(Collected data entries)
***
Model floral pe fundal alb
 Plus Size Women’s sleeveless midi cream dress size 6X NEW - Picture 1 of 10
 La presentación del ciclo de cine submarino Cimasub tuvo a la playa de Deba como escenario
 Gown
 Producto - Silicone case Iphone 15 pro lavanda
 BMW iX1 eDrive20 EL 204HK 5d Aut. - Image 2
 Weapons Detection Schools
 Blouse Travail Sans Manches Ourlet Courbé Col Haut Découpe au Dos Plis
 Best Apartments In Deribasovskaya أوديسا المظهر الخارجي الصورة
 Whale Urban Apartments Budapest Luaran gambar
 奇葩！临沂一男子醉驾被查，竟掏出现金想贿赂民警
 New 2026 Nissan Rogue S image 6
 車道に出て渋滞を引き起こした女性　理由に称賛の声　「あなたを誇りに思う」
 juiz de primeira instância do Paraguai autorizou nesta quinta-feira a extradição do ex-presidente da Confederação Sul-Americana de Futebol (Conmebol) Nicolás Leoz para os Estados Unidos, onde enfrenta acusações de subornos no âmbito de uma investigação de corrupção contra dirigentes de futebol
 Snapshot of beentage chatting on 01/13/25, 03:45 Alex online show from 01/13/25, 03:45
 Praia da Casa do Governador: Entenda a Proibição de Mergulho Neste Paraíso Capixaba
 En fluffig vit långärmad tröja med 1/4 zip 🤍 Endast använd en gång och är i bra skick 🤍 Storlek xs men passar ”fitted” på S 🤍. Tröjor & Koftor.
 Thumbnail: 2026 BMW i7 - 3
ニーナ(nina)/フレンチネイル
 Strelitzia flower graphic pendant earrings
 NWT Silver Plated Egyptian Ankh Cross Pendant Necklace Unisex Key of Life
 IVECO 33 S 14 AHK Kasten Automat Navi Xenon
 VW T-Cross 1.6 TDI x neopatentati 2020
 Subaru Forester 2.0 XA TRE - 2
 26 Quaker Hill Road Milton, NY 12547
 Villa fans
***
▸ Exercise goal: Restate the whole set of entries exactly.

▸ Reply:
Model floral pe fundal alb
 Plus Size Women’s sleeveless midi cream dress size 6X NEW - Picture 1 of 10
 La presentación del ciclo de cine submarino Cimasub tuvo a la playa de Deba como escenario
 Gown
 Producto - Silicone case Iphone 15 pro lavanda
 BMW iX1 eDrive20 EL 204HK 5d Aut. - Image 2
 Weapons Detection Schools
 Blouse Travail Sans Manches Ourlet Courbé Col Haut Découpe au Dos Plis
 Best Apartments In Deribasovskaya أوديسا المظهر الخارجي الصورة
 Whale Urban Apartments Budapest Luaran gambar
 奇葩！临沂一男子醉驾被查，竟掏出现金想贿赂民警
 New 2026 Nissan Rogue S image 6
 車道に出て渋滞を引き起こした女性　理由に称賛の声　「あなたを誇りに思う」
 juiz de primeira instância do Paraguai autorizou nesta quinta-feira a extradição do ex-presidente da Confederação Sul-Americana de Futebol (Conmebol) Nicolás Leoz para os Estados Unidos, onde enfrenta acusações de subornos no âmbito de uma investigação de corrupção contra dirigentes de futebol
 Snapshot of beentage chatting on 01/13/25, 03:45 Alex online show from 01/13/25, 03:45
 Praia da Casa do Governador: Entenda a Proibição de Mergulho Neste Paraíso Capixaba
 En fluffig vit långärmad tröja med 1/4 zip 🤍 Endast använd en gång och är i bra skick 🤍 Storlek xs men passar ”fitted” på S 🤍. Tröjor & Koftor.
 Thumbnail: 2026 BMW i7 - 3
ニーナ(nina)/フレンチネイル
 Strelitzia flower graphic pendant earrings
 NWT Silver Plated Egyptian Ankh Cross Pendant Necklace Unisex Key of Life
 IVECO 33 S 14 AHK Kasten Automat Navi Xenon
 VW T-Cross 1.6 TDI x neopatentati 2020
 Subaru Forester 2.0 XA TRE - 2
 26 Quaker Hill Road Milton, NY 12547
 Villa fans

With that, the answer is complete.